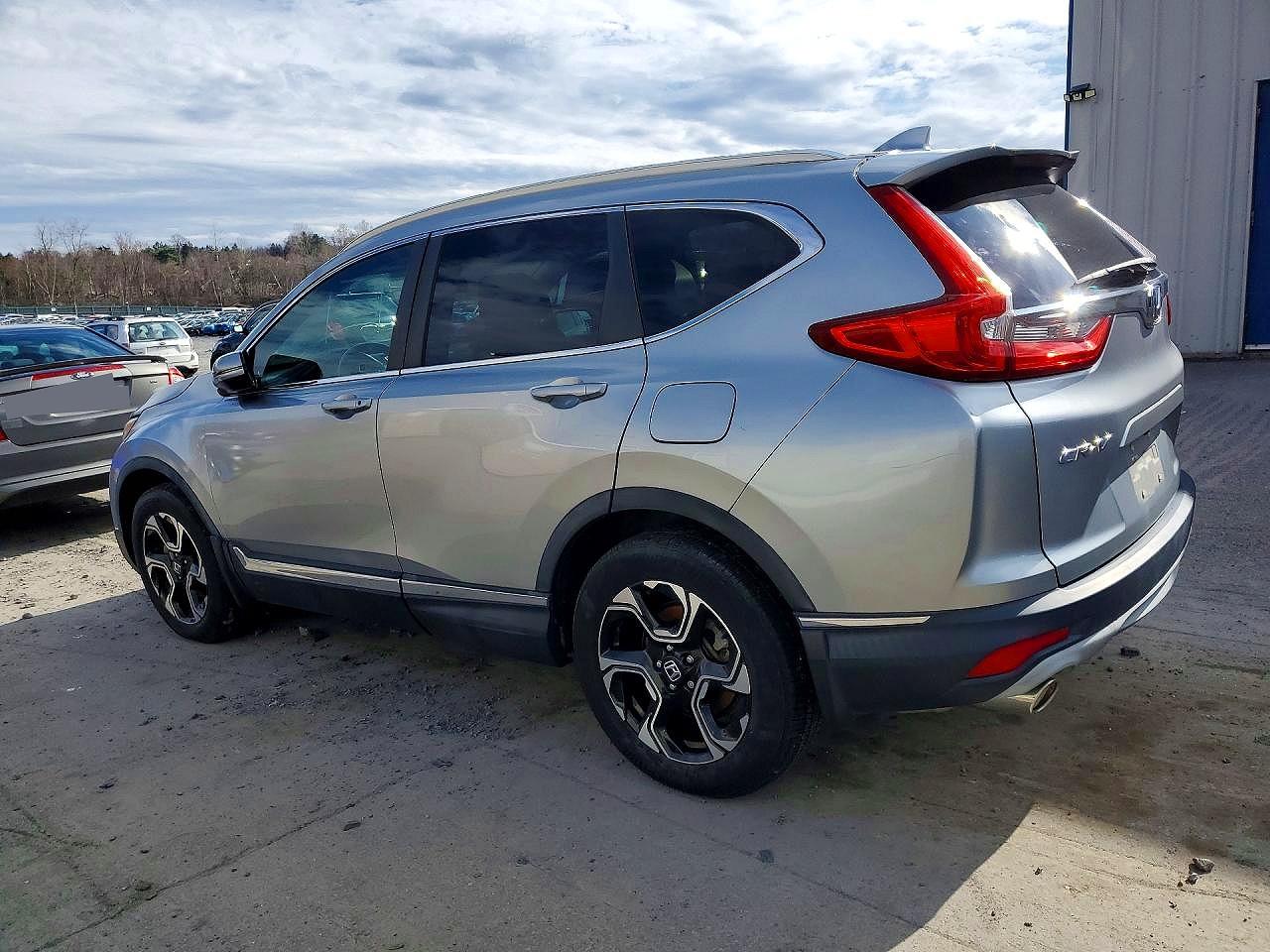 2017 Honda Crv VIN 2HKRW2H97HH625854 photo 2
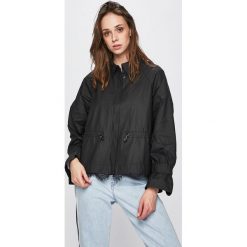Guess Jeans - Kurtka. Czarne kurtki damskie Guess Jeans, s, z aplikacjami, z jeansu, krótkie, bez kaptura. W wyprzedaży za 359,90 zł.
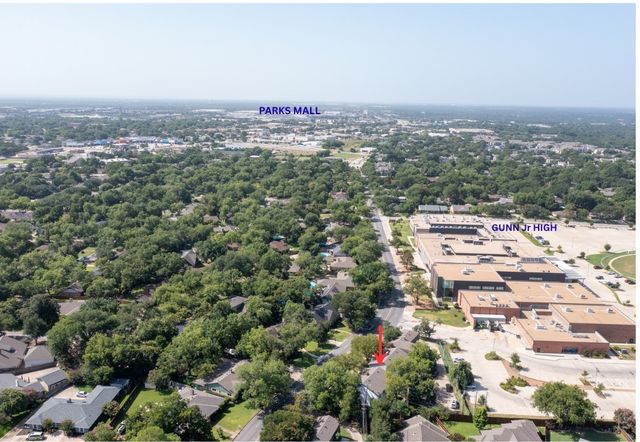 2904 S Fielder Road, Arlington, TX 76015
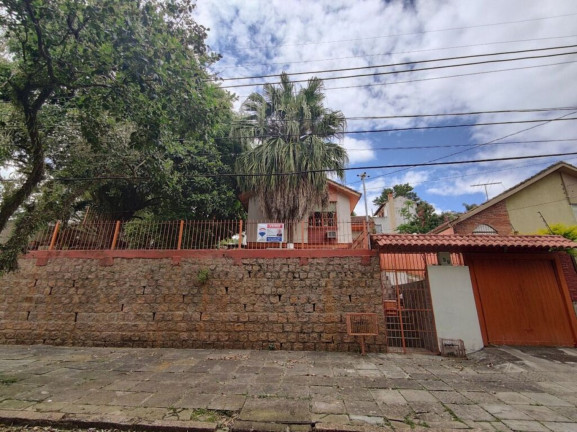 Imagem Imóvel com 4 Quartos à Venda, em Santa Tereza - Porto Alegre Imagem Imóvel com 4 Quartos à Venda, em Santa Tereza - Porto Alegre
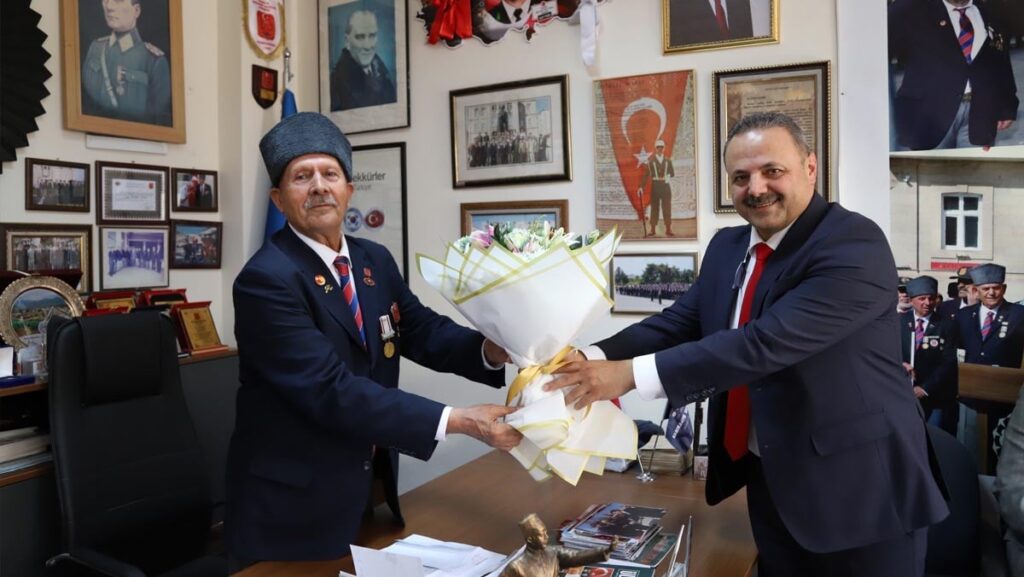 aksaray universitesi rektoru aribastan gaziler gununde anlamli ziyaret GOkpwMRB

****

[GOAL OF THE EXERCISE]:
The expected output is each entry given again word for word, with pictures dropped.

[SOLUTION FOR THIS EXERCISE]:
 2017 Honda Crv VIN 2HKRW2H97HH625854 photo 2
Guess Jeans - Kurtka. Czarne kurtki damskie Guess Jeans, s, z aplikacjami, z jeansu, krótkie, bez kaptura. W wyprzedaży za 359,90 zł.
 2904 S Fielder Road, Arlington, TX 76015
 Imagem Imóvel com 4 Quartos à Venda, em Santa Tereza - Porto Alegre Imagem Imóvel com 4 Quartos à Venda, em Santa Tereza - Porto Alegre
 aksaray universitesi rektoru aribastan gaziler gununde anlamli ziyaret GOkpwMRB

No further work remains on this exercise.